LanguageLogger: How to Study Smartphone Language Use in the Wild with an Android Keyboard App

Florian Bemmann
8 min readJan 7, 2021

The words people type into their smartphone everyday can tell a lot about their personality, mood, relation to the person they are texting with, and much more. This makes data of real-world language use a valuable source for researchers in many fields — psychology, sociology, human-computer interaction — to name just a few. But this also brings many challenges: The typed content contains lots of private information, making it very difficult to work with it as a researcher. Potential participants are (for good reasons) not willing to provide you all their text messages, and even if you’d get them, a secure and thus cumbersome workflow in data analysis is of utmost importance.
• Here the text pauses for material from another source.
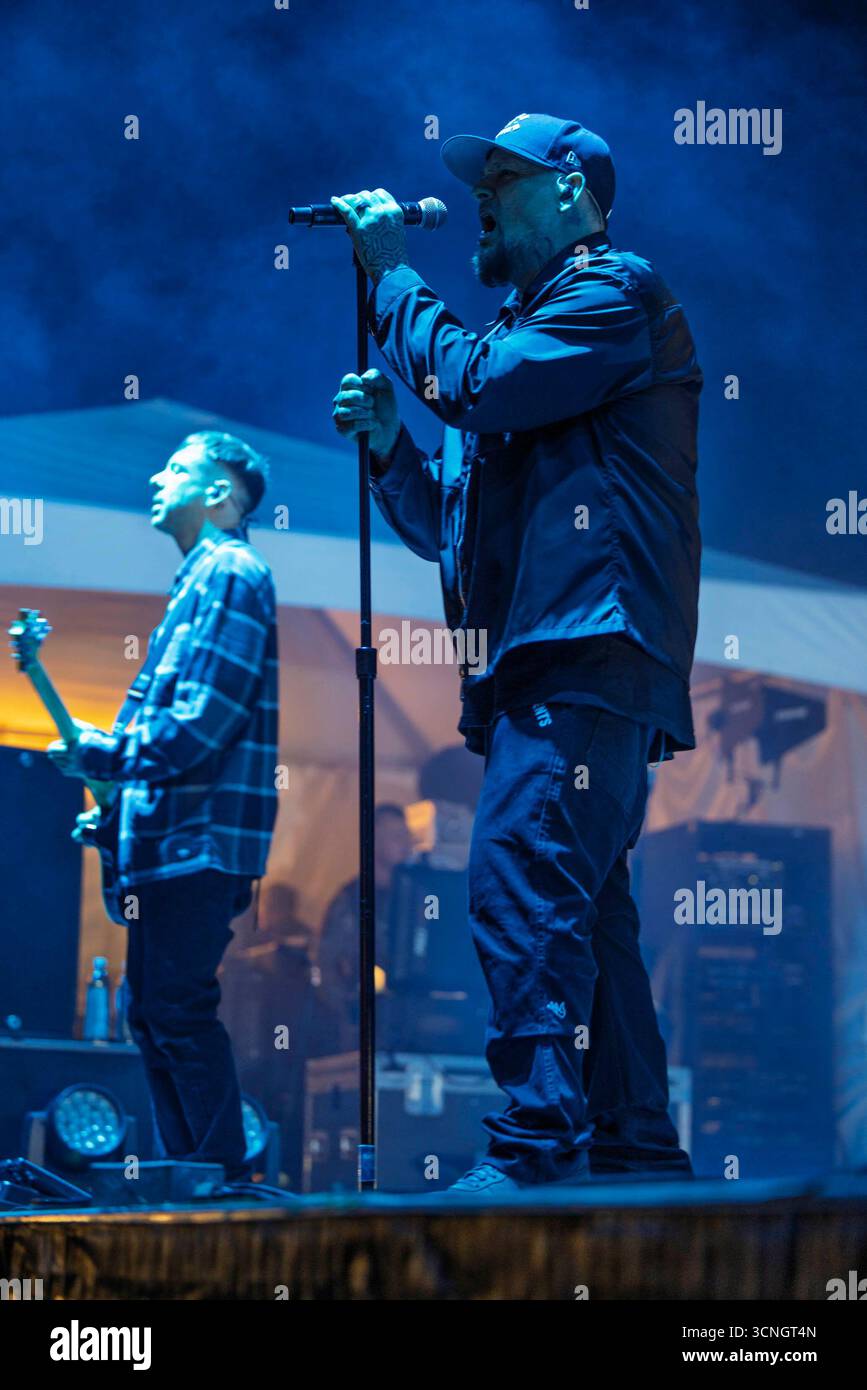 Summerland, USA. September 2025. CA: Benji Madden und Good Charlotte treten bei One805Live auf! Am 20. September 2025 fand in Summerland, CA. Das jährliche Benefizkonzert auf Kevin Costners „Field of Dreams“-Anwesen statt, an dem legendäre Künstler und leidenschaftliche Unterstützer teilnahmen, um Spenden für grundlegende Ausrüstung und psychische Wellness-Programme für die Ersthelfer von Santa Barbara County zu sammeln. (Foto: Rod Rolle/SIPA USA) Credit: SIPA USA/Alamy Live News Stockfoto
But don’t worry — there are smarter ways to solve this problem. What if you could conduct your data preprocessing on the participants’ smartphone, and only transmit the abstracted, anonymous data you really need to your researcher computer?
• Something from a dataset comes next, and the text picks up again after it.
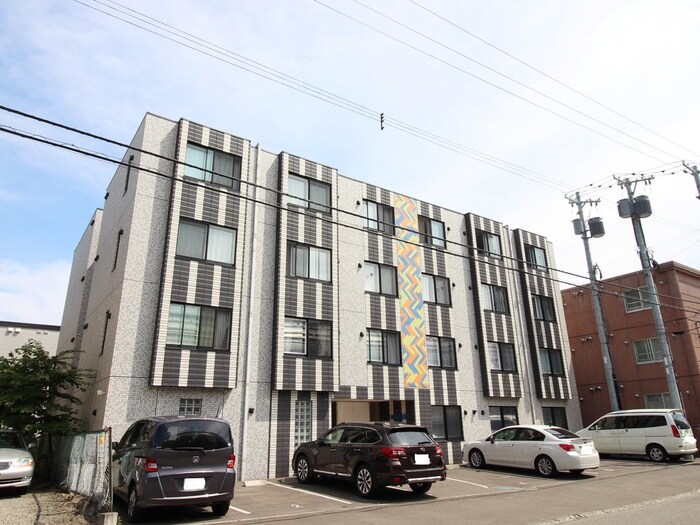 平岸アペリオの物件外観写真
In our recent paper “LanguageLogger: A Mobile Keyboard Application for
Studying Language Use in Everyday Text Communication in the Wild
” we tackle this issue: We developed an Android keyboard app that brings word categorization, word frequency counting, and matching regular expressions to your participants smartphone. The resulting data does thus not contain raw contents anymore making your study less privacy invasive and easier to recruit for. And the first step of your data preprocessing is already done, nice! (Nobody likes data preprocessing, really.)

This article will show you what LanguageLogger exactly is capable of and what it does, so that you can judge how it could facilitate your next research project.

What does LanguageLogger?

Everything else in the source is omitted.